**Assigned task**
Where the line containing "UGG W Sneakers Lowmel 'Dusted Cocoa' Marrone" appears in the entries below, begin there and output every line through the last, exactly, minus the pictures.

Saved data entries
━━━━━━━━━━━━━━━━━━━━

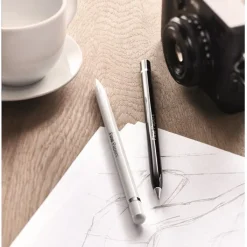 Gift Campaign Penna in alluminio personalizzata senza inchiostro Durable></noscript> Penne Ecologiche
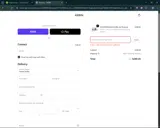LOVEYOURSELF coupon verification screenshot
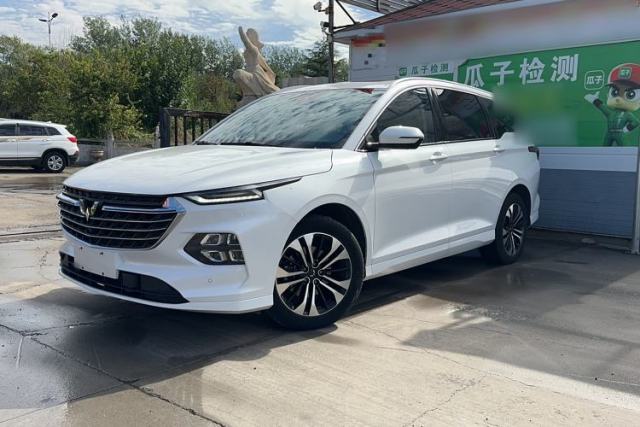 Used Wuling Victory 2022 280T 1.5T CVT Flagship Edition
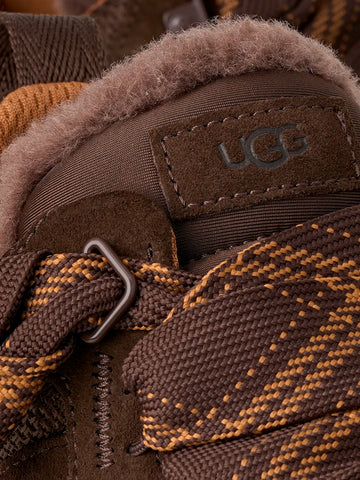UGG W Sneakers Lowmel 'Dusted Cocoa' Marrone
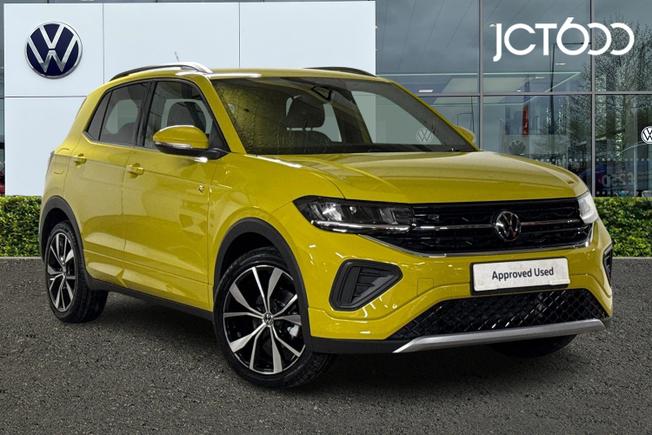 VOLKSWAGEN T-Cross Photo 1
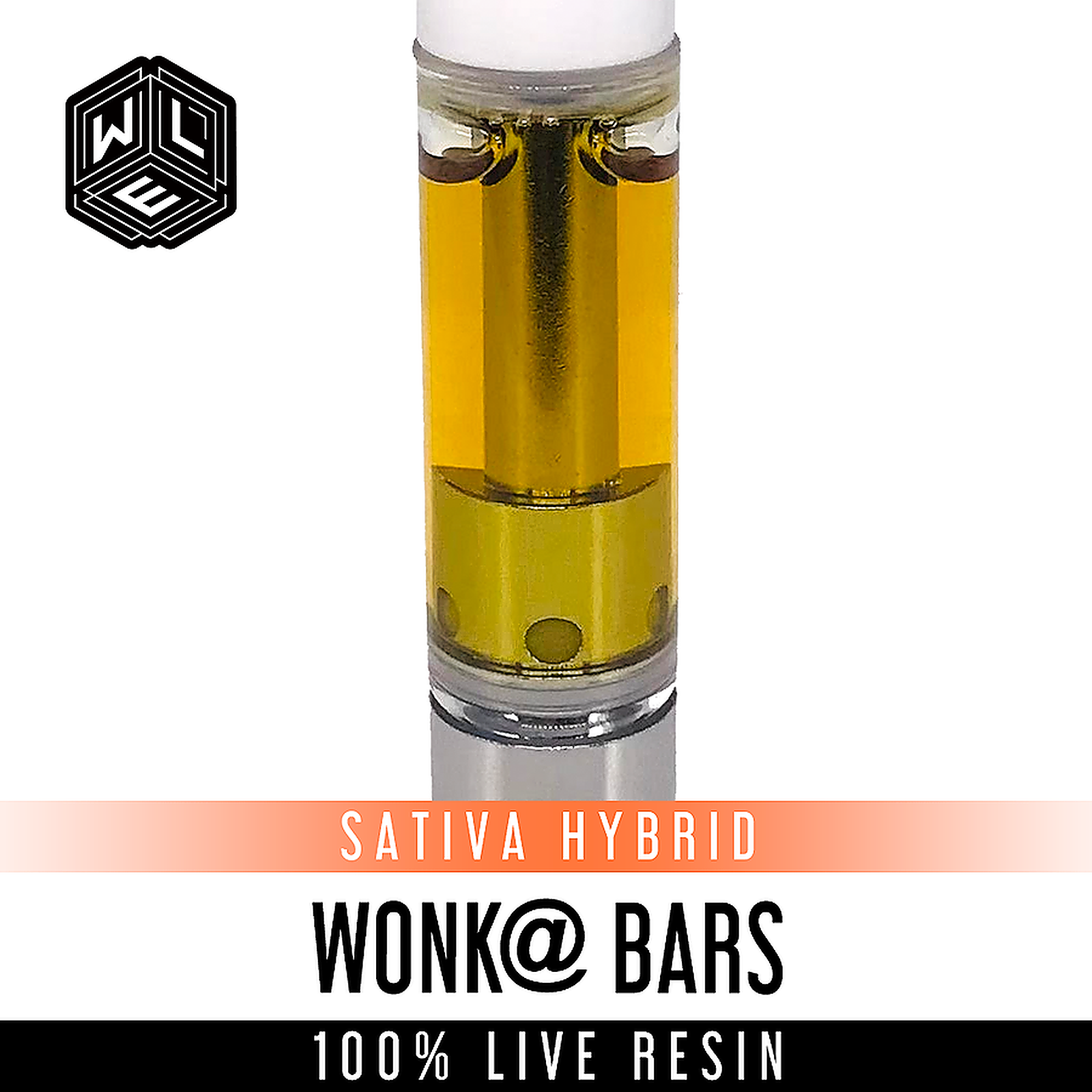 White Label Extracts: Wonka Bars 100% Live Resin Cartridge 1 Gram | Leafly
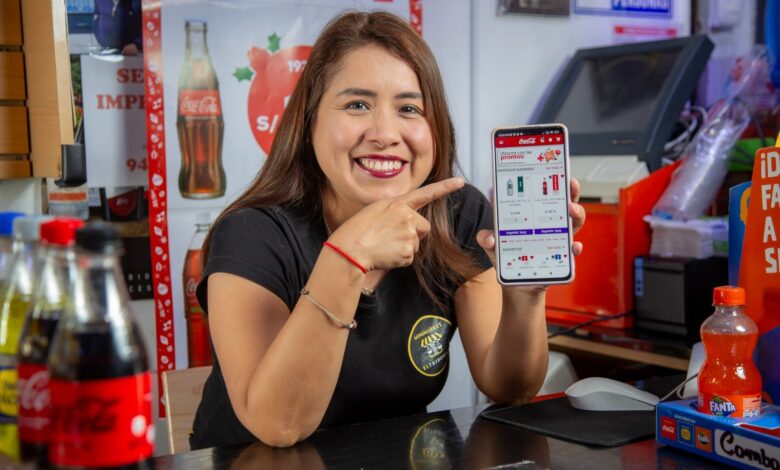 Arca Continental impulsa la digitalización de las bodegas peruanas con TUALI, una app con IA generativa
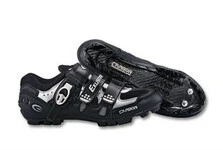 Велотуфлі Exustar SM312 Розмір 45 Карбонові легкі контактні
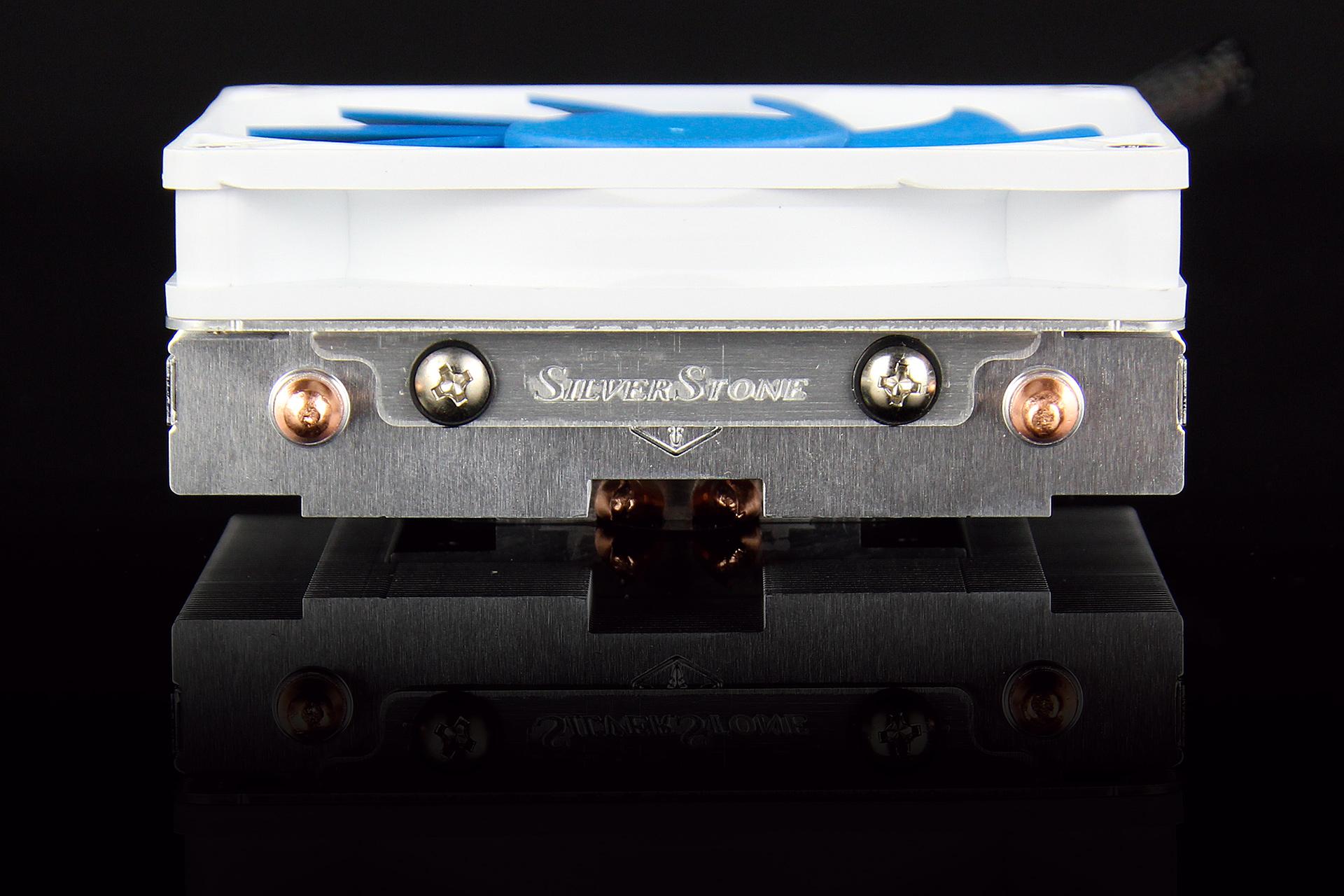 IMG 8679 silverstone argon series AR05 cooler review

━━━━━━━━━━━━━━━━━━━━

**Answer to this exercise**
UGG W Sneakers Lowmel 'Dusted Cocoa' Marrone
 VOLKSWAGEN T-Cross Photo 1
 White Label Extracts: Wonka Bars 100% Live Resin Cartridge 1 Gram | Leafly
 Arca Continental impulsa la digitalización de las bodegas peruanas con TUALI, una app con IA generativa
 Велотуфлі Exustar SM312 Розмір 45 Карбонові легкі контактні
 IMG 8679 silverstone argon series AR05 cooler review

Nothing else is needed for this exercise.